My Saturday morning tasks had been to 1) complete the sermon 2) catch up on a week's worth of e-mail and 3) go through the mail and voice mail. It is obvious that the volume of email (358 messages) is swamping the mail (one personal letter, two form letters, three publications) and voicemail (four phone calls, two of whom had tracked me down later on the cell phone). The sermon is mostly there. It is basically finished, but needs a deletion here and an expansion there. I also wanted to stop by to see one of our associate pastors and her husband; she gave birth to a baby this week, and Pam and I peeked in. It was a good visit. Ours are now 23 and 20. It seems a blur.

Then to Azteca. We are at the stage where a meal with more than the two of us is rare, so it is a treat. And then, after another visit, home.

One of my mental "to-do" items was to go through our older daughter's book collection, in search of something to read during the latter part of July.

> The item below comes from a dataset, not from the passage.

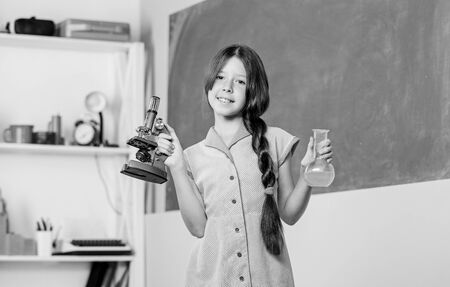 Girl chemistry class testing tube. Chemical reaction. Chemical liquid. Fascinating lesson. Science lesson. School laboratory. Scientific experiment. Small girl with chemical tube. Biology educationの写真素材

I have been on something of a fiction binge lately: Cormac McCarthy's All The Pretty Horses, Ron Rash's Serena, Clyde Edgerton's The Bible Salesman. I cannot quite bring myself to take on the next volume in McCarthy's Border Trilogy, and IOur daughter Liz was a voracious reader in high school; she had read all of Faulkner prior to graduation, and she also got me into reading Murakami, the Japanese novelist. Sure enough, I found all of these works. Sadly, I am reaching the place in life where our family book collection is more substantial than that of most bookstores; I am not exaggerating, and, before you express the thought, I have given thousands of books away (to younger seminarians, to the libraries of Huntingdon College and Hood Theological Seminary, to our church library, and to friends). I am not attempting to magnify any kind of altruism, simply confessing publically our inability to restrain ourselves in the purchase of books.

So many books, and yet, what to read? I will settle on something, maybe the short stories of Alice Munro, and Robertson Davies' The Cunning Man, which I have not completed, and perhaps Wallace Stegner's The Spectator Bird, which I also began years ago, and need to return to.


Blogger foxofbama said...

Stay with Cormac McCarthy.
Find Hal Crowther's essay on him in Cathedrals of Kudzu, and Crowther on Marshall Frady in Gather at The River.

About page 331 of 2nd of the Trilogy, the Crossing McCarthy says:
"For the enmity of the world was newly plain to him that day, and cold and inameliorate as it must be for all those who no longer have cause except themselves to stand against it."

Tim Tyson has an essay on Gaffney you must read in Jumpin Jim Crow.
I have had those days with no longer cause, and I imagine you and Tyson have as well.
Tell your folks at church about Satchel Paige, Joe Dimaggio and Yaz.
Great stories from the new Larry Tye book.